Configure model autoscaling with the console - Amazon SageMaker

Configure model autoscaling with the console

To configure autoscaling for a model using the console

  1. Open the Amazon SageMaker console at https://console.aws.amazon.com/sagemaker/.

  2. In the navigation pane, choose Endpoints.

  3. Choose the endpoint that you want to configure.

  4. For Endpoint runtime settings, choose the model variant that you want to configure.

  5. For Endpoint runtime settings, choose Configure autoscaling.

    The Configure variant automatic scaling page appears.

  6. For Minimum capacity, type the minimum number of instances that you want the scaling policy to maintain. At least 1 instance is required.

  7. For Maximum capacity, type the maximum number of instances that you want the scaling policy to maintain.

  8. For the target value, type the average number of invocations per instance per minute for the model. To determine this value, follow the guidelines in Load testing.

    Application Auto Scaling adds or removes instances to keep the metric close to the value that you specify.

  9. For Scale-in cool down (seconds) and Scale-out cool down (seconds), type the number seconds for each cool down period. Assuming that the order in the list is based on either most important to less important of first applied to last applied.

  10. Select Disable scale in to prevent the scaling policy from deleting variant instances if you want to ensure that your variant scales out to address increased traffic, but are not concerned with removing instances to reduce costs when traffic decreases, disable scale-in activities.
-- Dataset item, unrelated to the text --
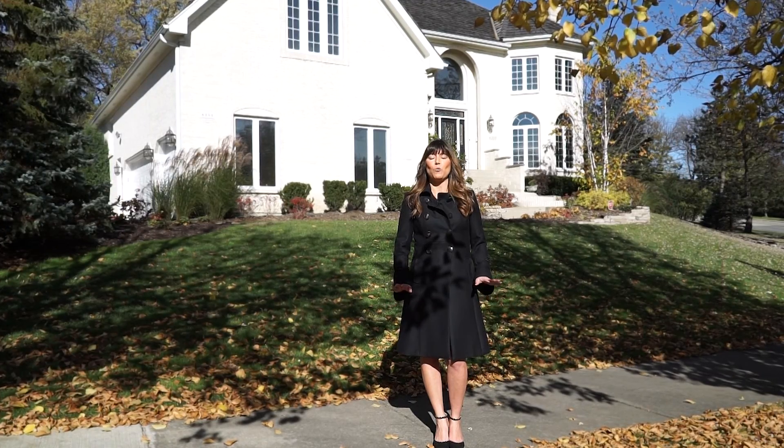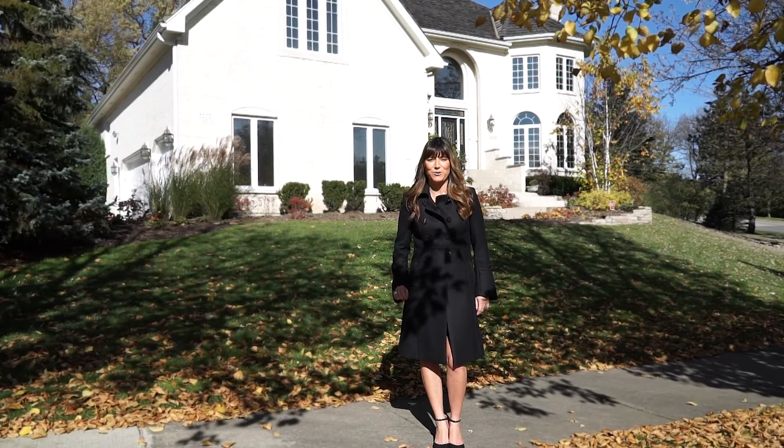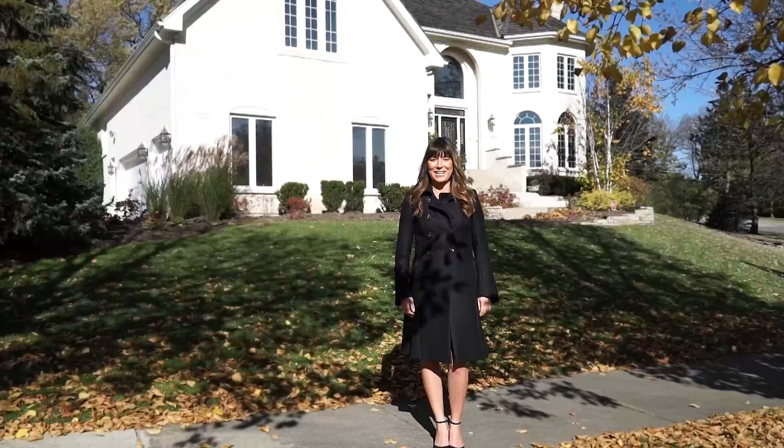But the inside will wow you. This is the best value on the market in Burr Ridge. Come check it out.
    Scale-out activities are always enabled so that the scaling policy can create endpoint instances as needed.

  11. Choose Save.

This procedure registers a model as a scalable target with Application Auto Scaling. When you register a model, Application Auto Scaling performs validation checks to ensure the following:

  • The model exists

  • The permissions are sufficient

  • You aren't registering a variant with an instance that is a burstable performance instance such as T2

    Note

    Amazon SageMaker doesn't support autoscaling for burstable instances such as T2, because they already allow for increased capacity under increased workloads. For information about burstable performance instances, see Amazon EC2 Instance Types.